For decades, the victims of communal and targeted violence have been denied protections of law that the rest of us take for granted. It’s time to end this injustice.

In a vibrant and mature democracy, there would be no need to have special laws to prosecute the powerful or protect the weak. If a crime takes place, the law would simply take its course. In a country like ours, however, life is not so simple. Terrible crimes can be committed involving the murder of hundreds and even thousands of people, or the loot of billions of rupees. But the law in India does not take its course. More often than not, it stands still.

If the Lokpal bill represents an effort to get the law to change its course on the crime of corruption, the new draft bill on the prevention of communal and targeted violence is a modest contribution towards ensuring that India’s citizens enjoy the protection of the state regardless of their religion, language or caste.

The draft law framed by the National Advisory Council and released earlier this month for comment and feedback is a huge improvement over the bill originally drawn up by the United Progressive Alliance government in 2005. The earlier version paid lip service to the need for a law to tackle communal violence but made matters worse by giving the authorities greater coercive powers instead of finding ways to eliminate the institutional bias against the minorities, Dalits and adivasis, which lies at the heart of all targeted violence in India.

The November 1984 massacre of Sikhs provides a good illustration of how the institutionalised “riot system” works. Let us start with the victim. She is unable to get the local police to protect the lives of her family members or property. She is unable to file a proper complaint in a police station. Senior police officers, bureaucrats and Ministers, who by now are getting reports from all across the city, State and country, do not act immediately to ensure the targeted minorities are protected. Incendiary language against the victims is freely used. Women who are raped or sexually assaulted get no sympathy or assistance. When the riot victims form makeshift relief camps, the authorities harass them and try to make them leave. The victims have to struggle for years before the authorities finally provide some compensation for the death, injury and destruction they have suffered. As for the perpetrators of the violence, they get away since the police and the government do not gather evidence, conduct no investigation and appoint biased prosecutors, thereby sabotaging the chances of conviction and punishment.
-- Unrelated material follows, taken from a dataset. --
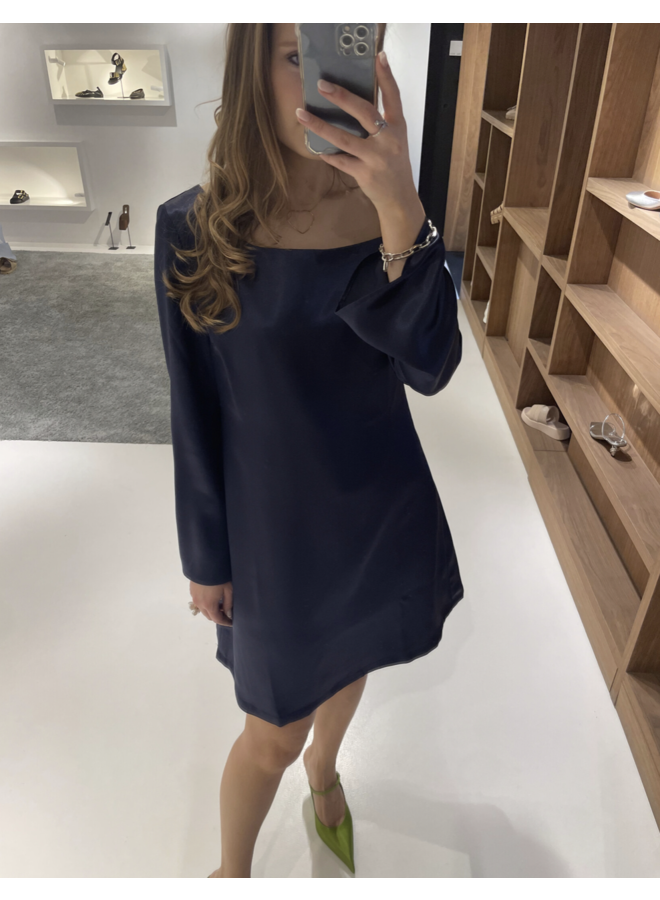 OPEN SHOULDER MINI DRESS NAVY BLUE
With some modifications here and there, this is the same sickening script which played out in Gujarat in 2002, when Muslims were the targeted group. On a smaller scale, all victims of organised, targeted violence — be they Tamils in Karnataka or Hindi speakers in Maharashtra or Dalits in Haryana and other parts of the country — know from experience and instinct that they cannot automatically count on the local police coming to their help should they be attacked.

If one were to abstract the single most important stylised fact from the Indian “riot system”, it is this: violence occurs and is not immediately controlled because policemen and local administrators refuse to do their duty. It is also evident that they do so because the victims belong to a minority group, precisely the kind of situation the Constituent Assembly had in mind when it wrote Article 15(1) of the Constitution: “The State shall not discriminate against any citizen on grounds only of religion, race, caste, sex, place of birth or any of them”.
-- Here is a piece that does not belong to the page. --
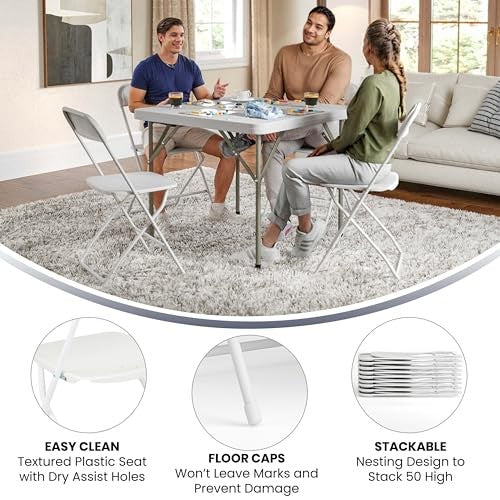 Folding Chair Plastic Party Event Folding Chair, White -10 Pack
How are policemen and officials able to get away with violating the Constitution in this manner? Because they know that neither the law nor their superiors will act against them. What we need, thus, is not so much a new law defining new crimes (although that would be useful too) but a law to ensure that the police and bureaucrats and their political masters follow the existing law of the land. In other words, we need a law that punishes them for discriminating against citizens who happen to be minorities. This is what the draft Prevention of Communal and Targeted Violence (Access to Justice and Reparations) Bill, 2011 does.
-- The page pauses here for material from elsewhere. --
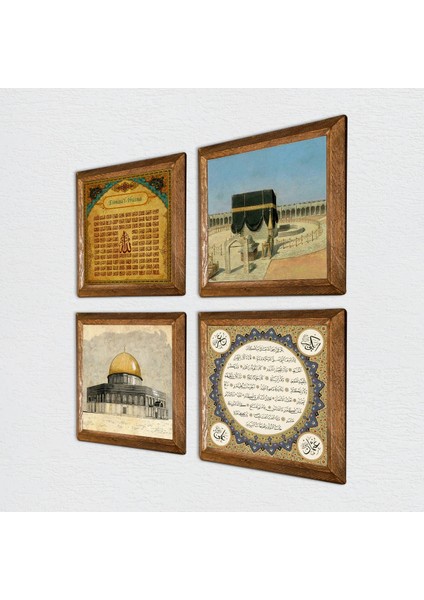 Kabe-I Muazzama, Mescid-I Aksa, Esma'ül Hüsna, Hilye-I Şerif Taş Duvar Tablosu Ahşap Çerçeveli Duvar Dekoru 4 Parça Tablo Seti Wall Art W4-1109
The CTV bill sets out to protect religious and linguistic minorities in any State in India, as well as the Scheduled Castes and the Scheduled Tribes, from targeted violence, including organised violence. Apart from including the usual Indian Penal Code offences, the NAC draft modernises the definition of sexual assault to cover crimes other than rape and elaborates on the crime of hate propaganda already covered by Section 153A of the IPC. Most importantly, it broadens the definition of dereliction of duty — which is already a crime — and, for the first time in India, adds offences by public servants or other superiors for breach of command responsibility. “Where it is shown that continuous widespread or systematic unlawful activity has occurred,” the draft says, “it can be reasonably presumed that the superior in command of the public servant whose duty it was to prevent the commission of communal and targeted violence, failed to exercise supervision … and shall be guilty of the offence of breach of command responsibility.” With 10 years imprisonment prescribed for this offence, superiors will hopefully be deterred from allowing a Delhi 1984 or Gujarat 2002 to happen on their watch.

Another important feature is the dilution of the standard requirement that officials can only be prosecuted with the prior sanction of the government. The CTV bill says no sanction will be required to prosecute officials charged with offences which broadly fall under the category of dereliction of duty. For other offences, sanction to prosecute must be given or denied within 30 days, failing which it is deemed to have been given. Although the bill says the reasons for denial of sanction must be recorded in writing, it should also explicitly say that this denial is open to judicial review.

Another lacuna the bill fills is on compensation for those affected by communal and targeted violence. Today, the relief that victims get is decided by the government on an ad hoc and sometimes discriminatory basis. Section 90 and 102 of the CTV bill rectify this by prescribing an equal entitlement to relief, reparation, restitution and compensation for all persons who suffer physical, mental, psychological or monetary harm as a result of the violence, regardless of whether they belong to a minority group or not. While a review of existing state practice suggests victims who belong to a religious or linguistic ‘majority’ group in a given state do not require special legal crutches to get the police or administration to register and act on their complaints, the CTV bill correctly recognises that they are entitled to the same enhanced and prompt relief as minority victims. The language of these Sections could, however, be strengthened to bring this aspect out more strongly.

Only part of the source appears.